Improving Replication

  • Comments posted to this topic are about the item Improving Replication

  • The single biggest thing I would do is allow the option to select not only which distributor to use, but which distribution database. Replication shouldn't be bound at a server/server level. I support a high-volume replication environment and the biggest pain point is contention in the distribution database.

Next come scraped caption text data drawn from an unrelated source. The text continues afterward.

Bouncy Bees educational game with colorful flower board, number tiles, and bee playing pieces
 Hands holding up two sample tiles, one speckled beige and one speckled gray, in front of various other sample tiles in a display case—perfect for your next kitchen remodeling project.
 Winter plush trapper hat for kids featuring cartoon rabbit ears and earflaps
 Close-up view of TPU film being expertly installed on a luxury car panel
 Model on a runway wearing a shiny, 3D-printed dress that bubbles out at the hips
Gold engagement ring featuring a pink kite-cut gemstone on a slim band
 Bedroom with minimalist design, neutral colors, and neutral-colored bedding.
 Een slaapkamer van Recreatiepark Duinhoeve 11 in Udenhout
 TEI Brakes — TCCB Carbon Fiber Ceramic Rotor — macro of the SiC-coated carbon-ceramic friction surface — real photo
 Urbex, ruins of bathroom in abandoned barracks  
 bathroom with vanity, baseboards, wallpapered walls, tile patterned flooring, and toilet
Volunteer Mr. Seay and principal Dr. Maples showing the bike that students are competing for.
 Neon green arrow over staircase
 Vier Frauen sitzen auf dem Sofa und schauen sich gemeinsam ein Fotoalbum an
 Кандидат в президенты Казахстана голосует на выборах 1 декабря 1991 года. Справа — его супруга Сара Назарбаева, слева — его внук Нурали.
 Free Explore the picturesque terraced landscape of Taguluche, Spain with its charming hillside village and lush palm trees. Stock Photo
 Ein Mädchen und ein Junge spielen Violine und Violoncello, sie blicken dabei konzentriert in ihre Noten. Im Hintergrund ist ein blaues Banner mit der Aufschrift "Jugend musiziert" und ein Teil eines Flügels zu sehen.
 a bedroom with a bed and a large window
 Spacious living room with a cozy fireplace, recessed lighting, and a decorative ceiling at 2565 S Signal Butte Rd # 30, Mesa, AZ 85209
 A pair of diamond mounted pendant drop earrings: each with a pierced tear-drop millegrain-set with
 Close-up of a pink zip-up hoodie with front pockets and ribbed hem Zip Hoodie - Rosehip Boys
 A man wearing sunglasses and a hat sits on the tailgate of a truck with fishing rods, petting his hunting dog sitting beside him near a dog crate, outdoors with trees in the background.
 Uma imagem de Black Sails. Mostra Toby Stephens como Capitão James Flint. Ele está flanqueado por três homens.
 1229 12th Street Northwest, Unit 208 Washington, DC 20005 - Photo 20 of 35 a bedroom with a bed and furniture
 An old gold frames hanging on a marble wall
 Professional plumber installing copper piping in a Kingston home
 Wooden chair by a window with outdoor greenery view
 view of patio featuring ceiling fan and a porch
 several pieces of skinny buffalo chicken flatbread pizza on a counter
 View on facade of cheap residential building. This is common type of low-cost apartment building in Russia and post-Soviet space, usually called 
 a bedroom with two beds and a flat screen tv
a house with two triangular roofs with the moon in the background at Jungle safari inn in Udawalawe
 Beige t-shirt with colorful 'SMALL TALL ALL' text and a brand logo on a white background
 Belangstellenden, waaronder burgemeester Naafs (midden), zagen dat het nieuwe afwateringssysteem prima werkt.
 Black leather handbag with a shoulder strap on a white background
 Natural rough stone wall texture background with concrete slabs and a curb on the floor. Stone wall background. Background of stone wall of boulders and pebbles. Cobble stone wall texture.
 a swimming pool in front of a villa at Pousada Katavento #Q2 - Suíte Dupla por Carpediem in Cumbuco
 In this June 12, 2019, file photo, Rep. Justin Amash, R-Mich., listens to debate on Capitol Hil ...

When one publication decides to update 400+ million rows and sends that transaction over to the distributor, everything else comes crashing down with it. (For those that would argue against letting something update 400+ million rows at a time, my response is: I agree, but the API won't let us do that. ๐Ÿ™‚ )

    Let us select not only a distribution server, but also a distribution database, even if it's on the same dist server.

  • All of the above, but robustness must come with the ability to just continue, even if the network was down for x hours or the destination was wiped or the destination server was rebuilt.  Now that I would call robust. ๐Ÿ˜€

    5ilverFox
    Consulting DBA / Developer
    South Africa

  • I'd like something simple.....
    I found a mis-spelling in a table name and I tried to use F2 to rename the field to the correct spelling.
    As the table was replicated, it wouldn't let me do that (can't remember the exact error message) but I had to use SP_Rename to do exactly the same job (which took longer).

    OK, I should have spotted the spelling mistake before I set up replication but MS could have made things a little easier.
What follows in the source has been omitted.